In the last step, the results of the rule-based and model-based classifications are combined into a list of named entities to determine the class label. If an organizational entity "ORG" is included in the list, then the label "organization" is predicted. The same holds true if names of countries "GPE"/Geopolitical entity" are recognized, since  every country by itself represents an organization of a nation. The label "individual" is predicted if, and only if, a detected name leads the model to output a "PERSON" entity without any other entity. This is important, as sometimes "ORG" and "PERSON" entities can occur together when a person's name is part of a company's name. If the prediction falls not into one of the former cases, the label "unknown" is assigned.

In [7]:
def classify_named_entity(list_arg):
    """A function that takes in recognized entities and outputs the final class prediction."""
    if len(list_arg) > 0:
        ne_list = list(zip(*list_arg))[0]
        if "ORG" in ne_list:
            return "organization"
        elif "GPE" in ne_list:
            return "organization"
        elif ("PERSON" in ne_list and "ORG" not in ne_list): 
            return "individual"
        else: return "unknown"
    else: return "unknown"

In [8]:
# determine class of named entitiy predictions and store them in a new CSV file
patent_litigation_df["class_prediction"] = patent_litigation_df["rule_based_named_entities"] + patent_litigation_df["model_based_named_entities"]
patent_litigation_df["class_prediction"] = patent_litigation_df["class_prediction"].map(classify_named_entity)
patent_litigation_df.to_csv("./task5_data/patent_litigation_parties_classified.csv", encoding="utf-8", index=False)

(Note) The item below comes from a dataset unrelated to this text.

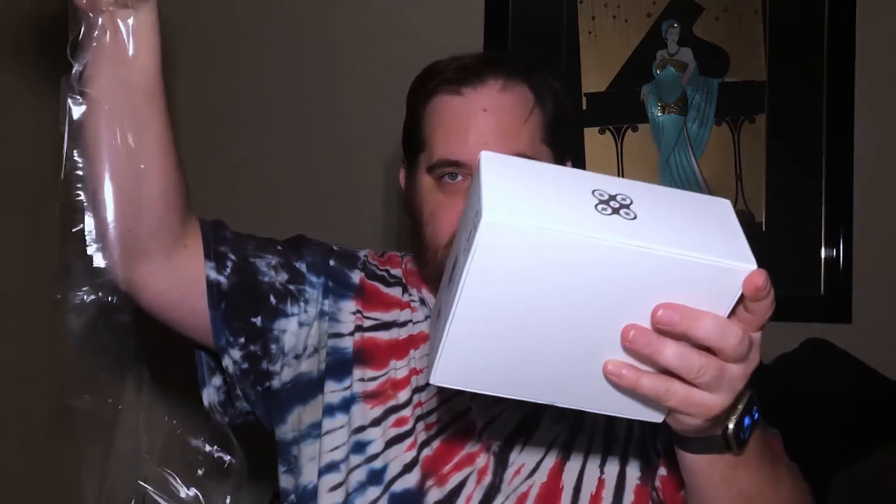I'm going to open this part first. I neglected to get my X-Acto knife that I usually have - I thought I could break open bubble wrap, but apparently I was wrong. Initial impressions: it's a white box, H-G-L-R-C, nice box, it's got like a holographic label on it, shrink wrapped. Let's break this open real quick.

In order to get a rough idea about the classification accuracy without too much effort, 200 randomly selected party names are classified manually - the sampling was done with the command `patent_litigation_df.sample(200, random_state=42)`. The comparison with the algorithmic classifications indicated an accuracy score of 0.955. 

In [9]:
# load manually labeled party names
data_file_path = "./task5_data/party_names_validation_data.csv"
validation_df = pd.read_csv(data_file_path)
validation_df = pd.merge(patent_litigation_df, validation_df)

# determine accuracy of classifier with numpy vector
accuracy_vector = np.where((validation_df["class_prediction"] == validation_df["class"]), 1, 0)
print("From a total of {} instances, exactly {} instances are classified correctly. The accuracy score is {}.".format(len(accuracy_vector), np.sum(accuracy_vector), np.mean(accuracy_vector)))
validation_df.to_csv("./task5_data/classifier_accuracy_data.csv", encoding="utf-8", index=False)

From a total of 200 instances, exactly 191 instances are classified correctly. The accuracy score is 0.955.